**THE PROBLEM**: In the material below, the required lines run from the one containing "Dị ứng thức" through the one containing "Doktorun elinde idrar". Copy those lines exactly, ends included, and nothing else.

**INFORMATION**:
══════

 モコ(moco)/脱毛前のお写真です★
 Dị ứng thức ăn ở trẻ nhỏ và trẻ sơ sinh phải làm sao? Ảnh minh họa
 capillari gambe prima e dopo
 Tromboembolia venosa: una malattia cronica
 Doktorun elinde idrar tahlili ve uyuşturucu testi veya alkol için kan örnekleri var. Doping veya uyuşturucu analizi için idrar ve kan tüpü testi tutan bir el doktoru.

══════

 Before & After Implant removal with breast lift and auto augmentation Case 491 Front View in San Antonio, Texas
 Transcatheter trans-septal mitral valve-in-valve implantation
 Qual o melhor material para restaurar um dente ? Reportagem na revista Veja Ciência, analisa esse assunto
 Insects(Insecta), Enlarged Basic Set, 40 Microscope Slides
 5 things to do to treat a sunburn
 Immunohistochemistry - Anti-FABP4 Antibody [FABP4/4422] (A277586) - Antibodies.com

══════

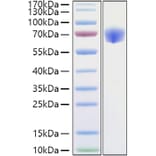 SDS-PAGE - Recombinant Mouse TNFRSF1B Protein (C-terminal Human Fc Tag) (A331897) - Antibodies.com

══════

**OUTPUT BELOW**:
 Dị ứng thức ăn ở trẻ nhỏ và trẻ sơ sinh phải làm sao? Ảnh minh họa
 capillari gambe prima e dopo
 Tromboembolia venosa: una malattia cronica
 Doktorun elinde idrar tahlili ve uyuşturucu testi veya alkol için kan örnekleri var. Doping veya uyuşturucu analizi için idrar ve kan tüpü testi tutan bir el doktoru.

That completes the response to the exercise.